Australia | Jan 25 2010
By Rudi Filapek-Vandyck
Australia’s December quarter final stage producer price index (PPI) fell 0.4% (quarter-on-quarter), well below consensus which assumed a small increase of 0.1%. The unexpected outcome has cut the annual headline PPI rate to a negative 1.5% (year-on-year), a record all-time low for this series which commenced in the third quarter of 1998.
Westpac economists, who were as surprised as anyone else by the low PPI read, comment the Q4 PPI printed below their forecast due to a weaker than expected core PPI (minus 0.4% q-o-q versus an expected minus 0.1%), reinforced by a steeper than expected fall in PPI petroleum refining (minus 6.8% q-o-q whereas petroleum in MPI had implied minus 0.4%).

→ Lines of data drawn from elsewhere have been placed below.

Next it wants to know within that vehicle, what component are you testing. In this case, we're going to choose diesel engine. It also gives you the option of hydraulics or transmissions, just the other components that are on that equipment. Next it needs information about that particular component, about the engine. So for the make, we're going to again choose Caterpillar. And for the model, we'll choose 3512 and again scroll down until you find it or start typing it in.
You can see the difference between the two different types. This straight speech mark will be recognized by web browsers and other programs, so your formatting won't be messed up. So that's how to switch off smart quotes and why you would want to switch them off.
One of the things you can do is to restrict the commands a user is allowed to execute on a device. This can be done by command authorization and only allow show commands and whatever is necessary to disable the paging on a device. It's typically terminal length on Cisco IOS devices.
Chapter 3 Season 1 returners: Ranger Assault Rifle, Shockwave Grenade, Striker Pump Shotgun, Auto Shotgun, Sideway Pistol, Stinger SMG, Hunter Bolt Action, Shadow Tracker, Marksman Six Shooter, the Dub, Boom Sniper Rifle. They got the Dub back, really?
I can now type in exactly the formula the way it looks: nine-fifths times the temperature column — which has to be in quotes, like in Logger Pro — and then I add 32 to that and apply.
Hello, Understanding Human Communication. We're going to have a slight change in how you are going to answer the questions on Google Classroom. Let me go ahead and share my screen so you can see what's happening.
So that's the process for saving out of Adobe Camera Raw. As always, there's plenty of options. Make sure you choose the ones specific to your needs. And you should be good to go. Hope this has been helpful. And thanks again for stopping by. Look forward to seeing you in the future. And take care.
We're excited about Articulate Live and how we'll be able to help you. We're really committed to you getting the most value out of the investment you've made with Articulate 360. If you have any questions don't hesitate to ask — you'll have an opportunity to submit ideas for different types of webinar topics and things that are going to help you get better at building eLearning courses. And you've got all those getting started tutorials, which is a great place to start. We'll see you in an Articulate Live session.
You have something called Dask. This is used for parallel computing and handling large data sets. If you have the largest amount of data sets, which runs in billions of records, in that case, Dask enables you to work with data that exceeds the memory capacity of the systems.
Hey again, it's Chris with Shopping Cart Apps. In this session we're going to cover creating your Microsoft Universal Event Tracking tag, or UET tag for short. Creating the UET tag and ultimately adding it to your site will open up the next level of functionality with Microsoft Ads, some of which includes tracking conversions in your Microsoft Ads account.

Within the weak core PPI, core domestic prices rebounded less than expected (up 0.4% q-o-q) and core import prices fell more than expected (minus 5.5% q-o-q). The stronger Aussie dollar was a big contributor to the latter.
However, report the economists, while the PPI read was well below expectations, the detail on house construction output prices necessitates only a minor downward revision to Westpac’s Q4 CPI forecasts (release scheduled for Wednesday).
Westpac’s headline CPI forecast has now edged lower but still rounds to the economists’ preliminary forecast of up 0.4% q-o-q and up 2.0% y-o-y. Westpac’s forecast for the average RBA underlying CPI has been revised down to up 0.6% q-o-q (was up 0.7%).
ANZ economist Alex Joiner has not changed his CPI forecast for Wednesday, but adds that, apart from price decreases in petroleum refining (down 6.9%), electronic equipment manufacturing (down 9.1%) and industrial machinery and equipment manufacturing (down 2.5%) were also standout contributors to the lower than expected PPI outcome for the December quarter.
The most significant producer price segments to post rises were ‘other’ agriculture (up 11.2%) and building construction (up 0.3%).
CommSec has equally stuck to its previous CPI estimate: up 0.7% q-o-q and 2.3% y-o-y.
Says Commsec economist Craig James: “While the Reserve Bank will be comforted by the broad-based fall in business costs, it will nevertheless realise that it is looking in the rear-view window. The ultimate concern is where prices go from here. And with economic activity getting back to normal, and the Australian dollar likely to consolidate recent gains, it is likely that prices will start ticking higher in the midterm.”
Their combined message: expect the RBA to add 25bp to the official cash rate at the upcoming February meeting.